I think I understood enough to fix this specific problem. I added a call to xsltExtensionInstructionResultRegister() to mark the results of both str:tokenize and str:split, which should prevent their deletion when local RVT's are cleaned up. Fixed code (libexslt/strings.c) is in SVN; both your test case and my (reduced) test run OK under valgrind. Please try it out on your original problem stylesheet, and close the bug when if you are confident the problem is solved.

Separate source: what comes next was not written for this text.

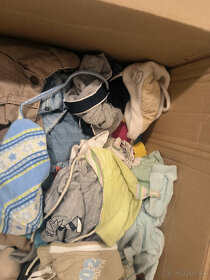 Balík detských chlapčenských vecí - tričká, nohavice, tenisk - 5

Bill, thanks for making this patch! We'll try it out on our local error and let you know if it is fixed. I'm wondering though, you have modified only str:tokenize and str:split. Should other extensions functions (like exsl:node-set) which call xsltRegisterLocalRVT also call the function you added above? Additionally, we have a large number of our own XSL extensions. Should those that return an RVT also call this function? Thanks again!
I had exactly that same concern when I read through the libexslt source modules, and I really can't give you a definitive answer. Your sample stylesheet used exsl:node-set, and it obviously wasn't necessary to add in an explicit call in that particular instance. The comments in the xsltExtensionInstructionResultRegister function seem to indicate it's only necessary when the results are "treated like a function return" (note that, before my change, it was only used in functions.c). Basically, the function just sets a flag in the RVT to prevent it's automatic deletion by the garbage collection routines (see transform.c:2130). Note also that running xsltproc under valgrind on a specific stylesheet is a sufficient test to prove whether a user's extension required it (assuming that, in fact, the extension has been exercised). If you can spare the processing time for running such a test, I would be very interested in the results.

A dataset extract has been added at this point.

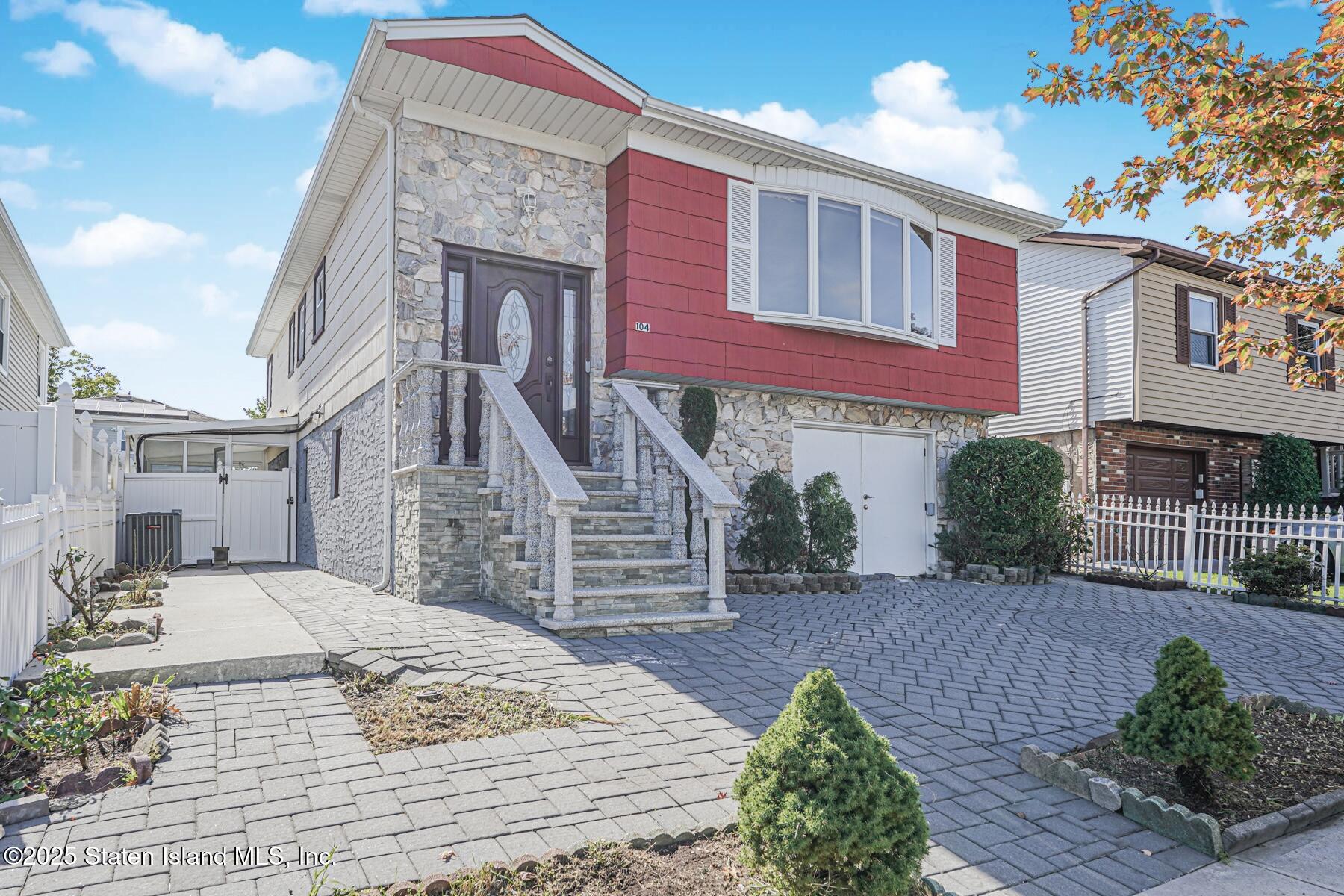 104 Berry Avenue Image 2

Bill, we've confirmed that this fixes the problem in our application. We'll make sure to do some testing on our own extension functions and will let you know what happens.
Thinking a little further on when xsltExtensionInstructionResultRegister() is necessary within an external function, I believe it isn't dependent upon whether an RVT is involved, but rather whether xsltRegisterLocalRVT() has been called (since that's what triggers the "garbage collection" that caused this bug). I should point out that most of the code involved is not written by me, and my "thoughts", "beliefs" and "understandings" are solely based upon reading through the code and running it under the gdb debugger. I highly encourage others to confirm all of this, and let me know if there are other interpretations :-).
Bill, taking your comment to heart and then checking the code for exsl:node-set, I tried valgrinding the following stylesheet and got the same error. There's only an error when exsl:node-set is called on a string. Looks like dyn:map may have a similar problem... <?xml version="1.0" ?> <xsl:stylesheet xmlns:xsl="http://www.w3.org/1999/XSL/Transform" version="1.0" xmlns:exsl="http://exslt.org/common" > <xsl:variable name="tokenized" select="exsl:node-set('foo')" /> <xsl:variable name="xml"> <xsl:copy-of select="$tokenized[1]" /> </xsl:variable> <xsl:template match="/" /> </xsl:stylesheet>
Yes, you are correct - the node-set only fails on a string. The dyn:map seems a bit more complex; I've added code to both of those modules (libexslt/[common.c,dynamic.c]) which (I hope) will fix it. Fixed code is in SVN. Thanks!